Y no lo olvidaría nunca, porque se lo harían recordar toda la vida. No es que le molestara al principio. Pero cuando en el colegio de primaria le llamaban «polaco» con el mismo tono que si le llamaran «cabrón», decidió que prefería mantener sus raíces europeas en el anonimato, una actitud que molestaba a su padre, cuando éste todavía se contaba entre los vivos.
Fue en el colegio, en sexto curso de primaria, cuando conoció a Patrick Sthendall. Los demás niños del Husson también la tenían tomada con él, pero de diferente manera. De Patrick se hablaba a sus espaldas, nunca a la cara. Según se decía, era hijo de un asesino que cumplía condena en la penitenciaría de Portland, cadena perpetua por doble asesinato. Su madre, Patricia Sthendall (aún conservaba el apellido de casada), trabajaba en la pequeña tienda de alimentación del padre de Gordie ―también se decía que el padre de Gordie se la tiraba en la parte trasera de la tienda aprovechando los viajes de la señora Gordie a la capital― cuando aquello todavía no era un supermercado.
La primera vez que Peter y Patrick se dirigieron la palabra fue el día de Halloween.
El día de los muertos. La noche en la que los espíritus volvían para amedrentar a los vivos.
Todos en el colegio se preparaban para celebrar la fiesta cosiendo disfraces, pintando caretas o vaciando el interior de las calabazas. Los niños reían, los profesores reñían, pero Peter estaba enfadado, y mucho. Quería disfrazarse de zombi, pero la profesora le obligó a prepararse un traje de Peter Pan.

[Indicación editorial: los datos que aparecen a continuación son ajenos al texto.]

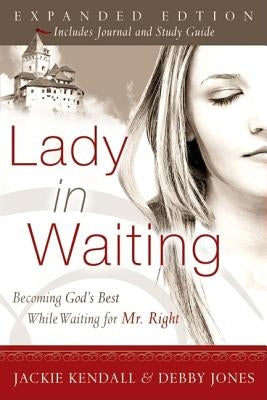 Lady in Waiting: Becoming God's Best While Waiting for Mr. Right (Expanded) by Kendall, Jackie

―¿Tú eres polaco? ―le preguntaron a su espalda.
Cuando se giró, se encontró de frente al repetidor oficial de curso de aquel año, un Patrick alto, que ya lucía una melena leonina castaña y unos ojos grises que volverían loca a más de una chica en años venideros.
Un Patrick al que todo el mundo respetaba.
―¿Y tú eres un asesino como tu padre? ―le espetó Peter sin pensarlo dos veces.
Patrick abrió los ojos desmesuradamente mientras propinaba un puñetazo en la nariz del renegado Peter Pan. Luego se le echó encima, pero una patada en los huevos le detuvo y cayó de lado al suelo agarrándoselos y aullando, presa de un dolor que no había sentido hasta entonces.
Los niños formaron corro mientras Peter se levantaba tambaleante, sangrando por la nariz. No quería seguir con aquella pelea, pero Patrick, herido en su orgullo ―y con los huevos machacados―, sí. La profesora impidió que aquella trifulca llegara a más y los acompañó a la oficina del director. Éste, cuando estuvo a solas con ellos, se levantó, les dijo que no volvieran a pelearse en su colegio y le propinó una bofetada sonora a cada uno. Los dos aguantaron las lágrimas como valientes, pero nunca olvidarían aquello.
Y a raíz de aquella pelea surgió una gran amistad. Y en los años venideros nadie recordaría a Peter sin Patrick, o a Patrick sin Peter.
Eran otros tiempos.
Un Peter adulto, con una pala en la mano y mirando hacia la propiedad de su antiguo amigo no pudo detener una lágrima fugitiva que escapó de su penal.
―¿Por qué me fallasteis? ―dijo con voz trémula―, ¿por qué?